- DATA RECORDS

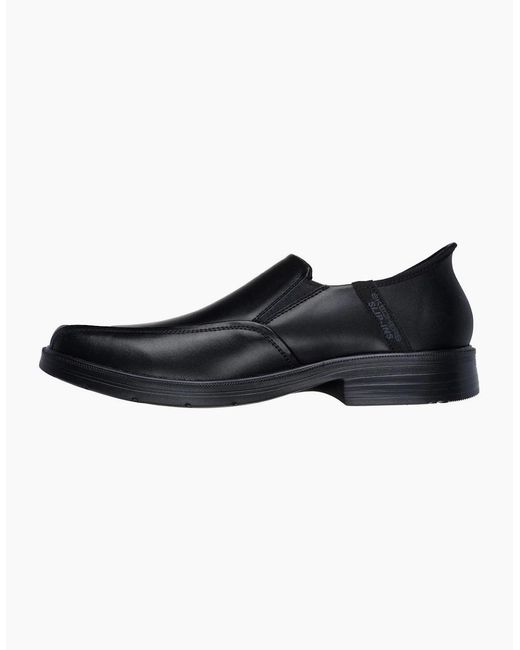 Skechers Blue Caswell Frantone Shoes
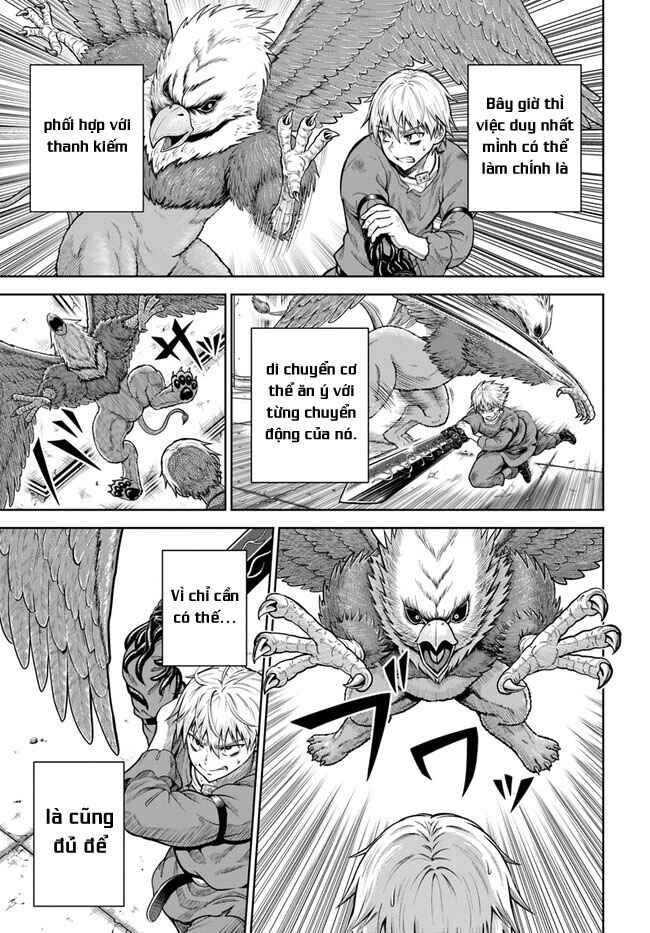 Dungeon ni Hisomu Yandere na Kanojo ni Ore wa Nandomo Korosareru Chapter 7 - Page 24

* * *

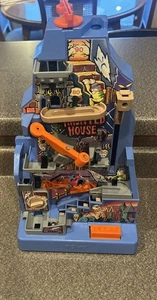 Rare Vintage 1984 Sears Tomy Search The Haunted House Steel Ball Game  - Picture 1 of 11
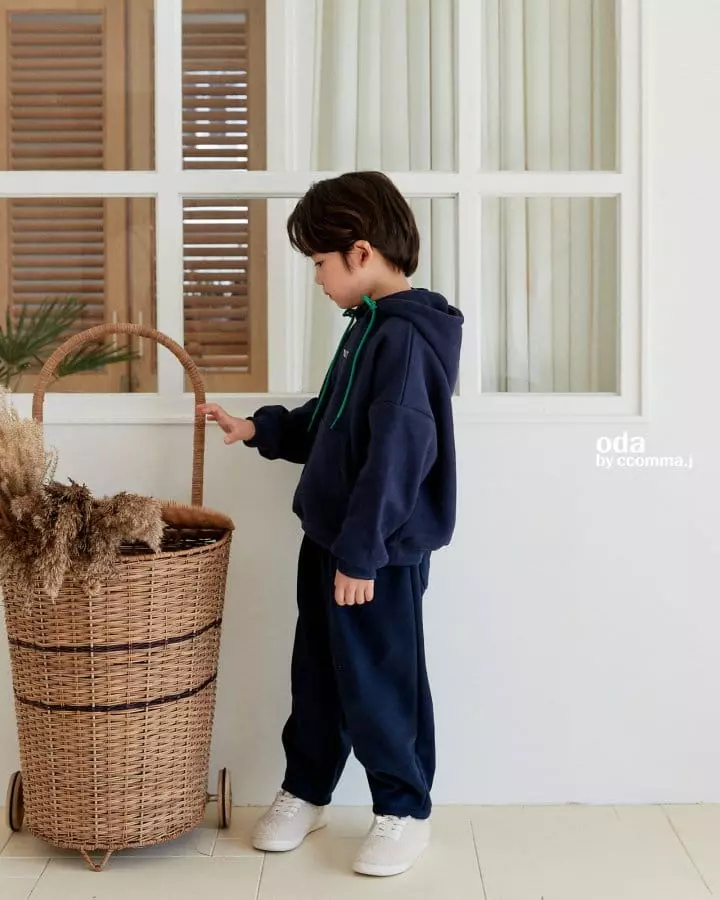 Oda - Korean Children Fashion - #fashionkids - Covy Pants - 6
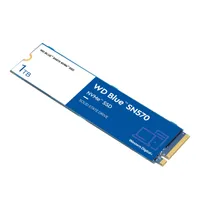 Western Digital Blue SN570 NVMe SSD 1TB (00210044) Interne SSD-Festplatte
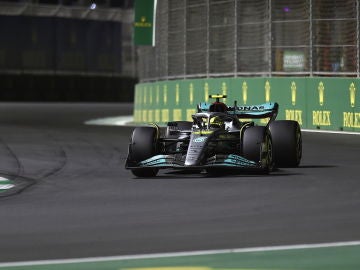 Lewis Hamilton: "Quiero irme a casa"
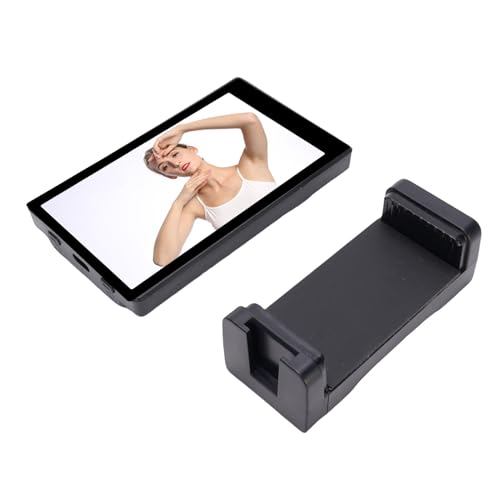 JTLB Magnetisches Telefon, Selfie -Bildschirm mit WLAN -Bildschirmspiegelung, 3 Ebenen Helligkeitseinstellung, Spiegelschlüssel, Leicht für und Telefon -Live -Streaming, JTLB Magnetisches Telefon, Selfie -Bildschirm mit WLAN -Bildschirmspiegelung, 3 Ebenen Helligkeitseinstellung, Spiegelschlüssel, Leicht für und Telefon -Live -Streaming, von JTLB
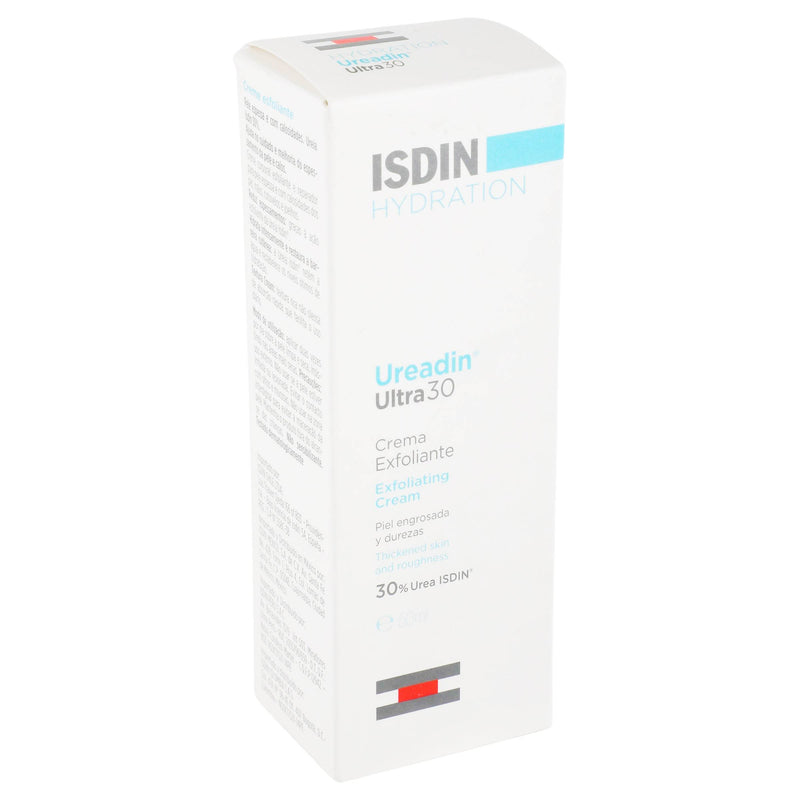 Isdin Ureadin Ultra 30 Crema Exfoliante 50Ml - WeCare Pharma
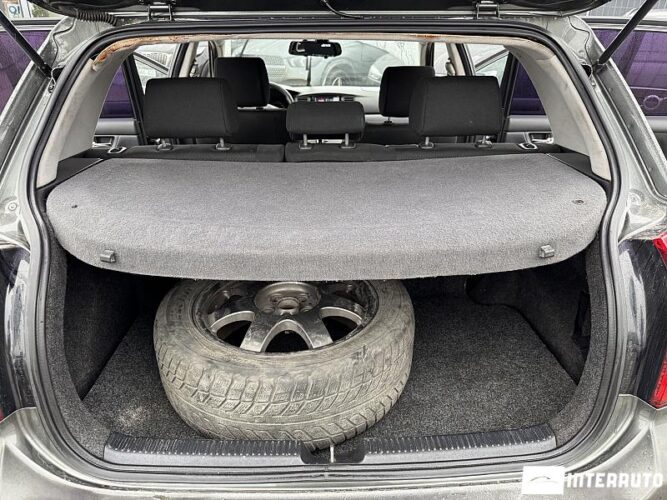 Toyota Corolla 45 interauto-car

- TASK ITEM
The expected output is the lines above from the one containing "Skechers Blue Caswell Frantone Shoes" to the one containing "Dungeon ni Hisomu", both ends included, reproduced exactly with every picture left out.

- SOLUTION TO THIS TASK
 Skechers Blue Caswell Frantone Shoes
 Dungeon ni Hisomu Yandere na Kanojo ni Ore wa Nandomo Korosareru Chapter 7 - Page 24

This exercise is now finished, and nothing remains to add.